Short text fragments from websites
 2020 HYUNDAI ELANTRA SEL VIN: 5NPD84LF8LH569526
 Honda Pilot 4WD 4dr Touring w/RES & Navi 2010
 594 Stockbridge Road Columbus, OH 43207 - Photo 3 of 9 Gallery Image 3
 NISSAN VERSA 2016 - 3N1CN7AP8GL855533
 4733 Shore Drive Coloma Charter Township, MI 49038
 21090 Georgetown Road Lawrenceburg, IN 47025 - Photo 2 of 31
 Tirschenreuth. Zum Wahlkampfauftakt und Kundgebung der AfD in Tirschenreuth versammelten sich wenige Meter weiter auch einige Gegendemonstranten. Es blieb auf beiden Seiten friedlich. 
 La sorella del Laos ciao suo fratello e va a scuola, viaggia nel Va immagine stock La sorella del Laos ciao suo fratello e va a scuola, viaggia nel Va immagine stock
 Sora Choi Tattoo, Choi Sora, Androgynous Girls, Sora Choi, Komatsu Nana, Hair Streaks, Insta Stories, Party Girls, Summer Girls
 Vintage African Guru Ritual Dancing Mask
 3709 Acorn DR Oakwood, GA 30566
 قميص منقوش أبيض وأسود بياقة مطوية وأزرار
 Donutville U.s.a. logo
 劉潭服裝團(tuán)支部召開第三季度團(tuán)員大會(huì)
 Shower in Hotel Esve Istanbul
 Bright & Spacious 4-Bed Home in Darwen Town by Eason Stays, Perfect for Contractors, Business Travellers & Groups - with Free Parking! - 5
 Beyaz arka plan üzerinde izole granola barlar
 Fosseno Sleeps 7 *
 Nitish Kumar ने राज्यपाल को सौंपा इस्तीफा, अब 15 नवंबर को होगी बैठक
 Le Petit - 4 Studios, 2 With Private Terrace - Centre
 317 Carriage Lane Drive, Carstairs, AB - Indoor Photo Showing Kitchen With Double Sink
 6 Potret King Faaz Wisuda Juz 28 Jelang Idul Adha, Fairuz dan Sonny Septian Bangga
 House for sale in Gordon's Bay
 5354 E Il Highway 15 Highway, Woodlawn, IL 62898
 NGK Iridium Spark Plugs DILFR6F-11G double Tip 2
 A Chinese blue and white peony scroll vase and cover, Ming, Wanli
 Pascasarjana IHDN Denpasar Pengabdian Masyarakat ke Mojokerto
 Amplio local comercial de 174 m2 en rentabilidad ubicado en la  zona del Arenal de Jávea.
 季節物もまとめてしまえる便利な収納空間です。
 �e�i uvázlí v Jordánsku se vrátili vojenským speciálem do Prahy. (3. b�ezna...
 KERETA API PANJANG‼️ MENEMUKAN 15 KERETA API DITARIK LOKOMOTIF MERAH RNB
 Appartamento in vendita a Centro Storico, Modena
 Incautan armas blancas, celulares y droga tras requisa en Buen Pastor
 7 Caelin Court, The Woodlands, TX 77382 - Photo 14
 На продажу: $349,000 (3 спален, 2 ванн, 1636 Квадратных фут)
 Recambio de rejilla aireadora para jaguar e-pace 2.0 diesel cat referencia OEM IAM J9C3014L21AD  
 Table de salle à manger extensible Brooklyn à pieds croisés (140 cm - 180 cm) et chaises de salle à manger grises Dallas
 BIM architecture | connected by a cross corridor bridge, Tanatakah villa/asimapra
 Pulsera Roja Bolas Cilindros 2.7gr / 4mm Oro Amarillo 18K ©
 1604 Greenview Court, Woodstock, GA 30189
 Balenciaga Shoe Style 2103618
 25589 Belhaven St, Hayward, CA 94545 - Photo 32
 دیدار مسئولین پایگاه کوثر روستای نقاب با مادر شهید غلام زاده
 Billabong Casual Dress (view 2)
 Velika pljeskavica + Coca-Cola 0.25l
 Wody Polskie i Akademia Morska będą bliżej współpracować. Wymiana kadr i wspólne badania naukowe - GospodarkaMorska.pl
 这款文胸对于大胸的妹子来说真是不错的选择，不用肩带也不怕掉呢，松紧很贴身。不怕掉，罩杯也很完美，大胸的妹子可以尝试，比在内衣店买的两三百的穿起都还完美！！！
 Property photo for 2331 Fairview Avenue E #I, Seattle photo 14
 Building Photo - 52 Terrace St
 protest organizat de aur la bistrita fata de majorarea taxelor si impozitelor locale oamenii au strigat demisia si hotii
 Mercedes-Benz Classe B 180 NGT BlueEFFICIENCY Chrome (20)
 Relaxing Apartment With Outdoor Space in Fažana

How to complete this task →
Set apart and copy each line of the records that holds the word "Drive".

Answer to the exercise →
 4733 Shore Drive Coloma Charter Township, MI 49038
 317 Carriage Lane Drive, Carstairs, AB - Indoor Photo Showing Kitchen With Double Sink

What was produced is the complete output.